There is one proposal I have seen that at least hopes to address the fundamental problem with the housing market: "property appreciation rights" (PARs).  Basically the idea is to allow home borrowers to sell their upside housing market risk to lenders.

Whoa.  That's a huge change in how houses are priced, and one that we should not take lightly. It has the potential to destroy the middle class and the American dream.

But housing has changed since 1978 - houses now price like stocks - they fluctuate.  It isn't appropriate for individual Americans to own that kind of risk exposure.  If I called my bank and said "I would like to borrow $400,000 so I can speculate in the stock market -- in fact, I am going to buy just one stock, I'll put in $20,000 of my money, and you can have a lean on the stock as collateral", well, I don't think my bank would say yes.  But if I say the exact same thing with a house rather than stock, I'm off to the races, and now I am leveraged 20:1 into a completely non-diversified real-estate position.

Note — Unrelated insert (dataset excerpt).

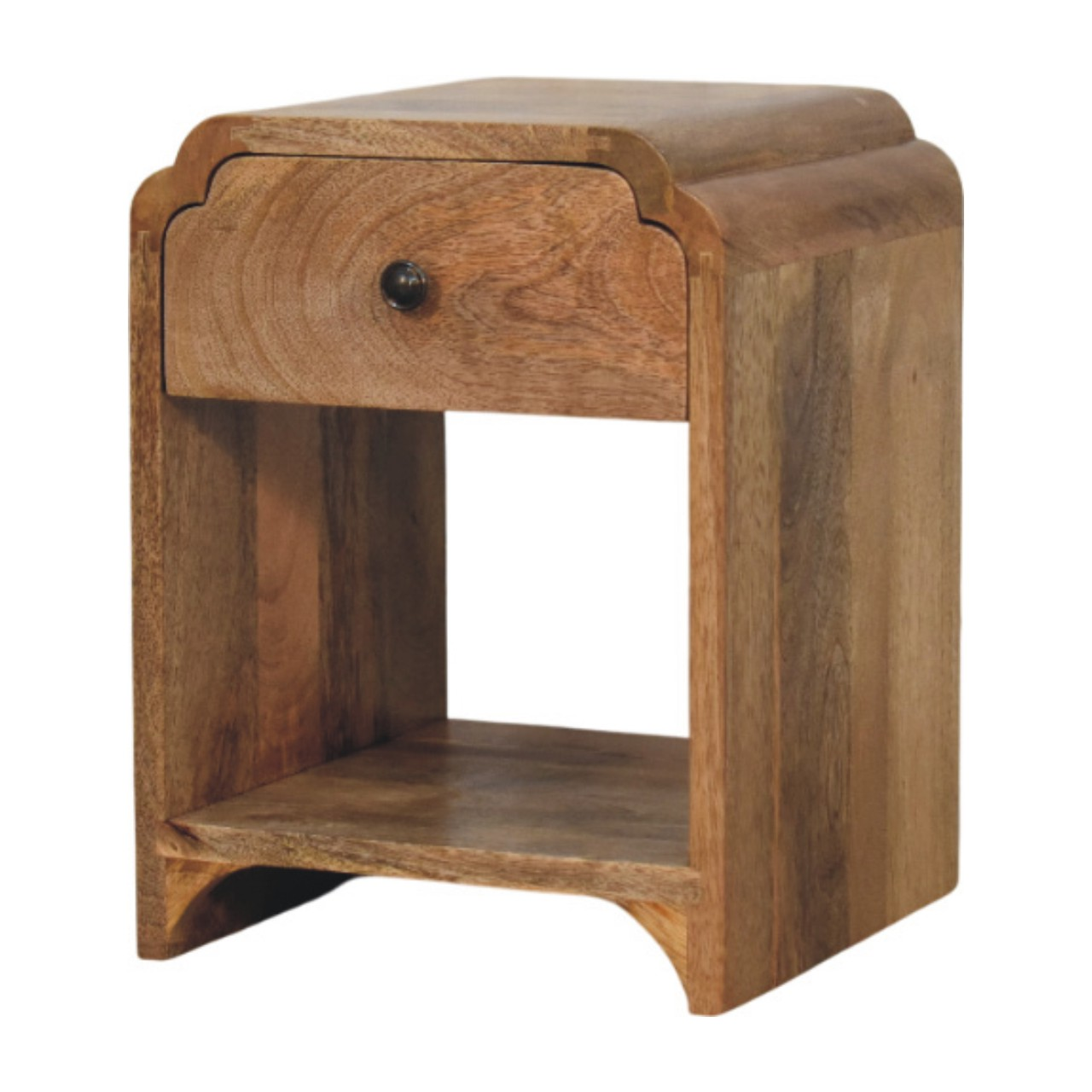 Artisan Furniture Solid Wood Newton Mini Oak-ish Nightstand with a drawer and open shelf, Brown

PARs would break the asymmetric risk we face today, where home owners get the upside of the housing market and lenders get the downside.  When the market eventually corrects, what we'll see is a tightening of credit as the market adjusts to the fact that home prices can fall.  (With a stock, you can margin about 50%.  Can you imagine having to put 50% down on your home?)  In some ways this whole mess was created by incorrect risk premiums - high leverage positions on homes based on the assumptions that the old rules apply...rules from before MBSs and CDOs and Reagen-era (leveraged) finance.

Under the PAR scheme someone (Government, business, whomever) can go in and refinance a pile of houses at cheap rates.  The up-side for the entity providing the money is the rights on future appreciation, which is the incentive for the borrower to "get of the respirator" and switch to traditional financing as soon as it's possible.  Without this, we have heads-I-win, tails-you-lose, which didn't work out very well last time around.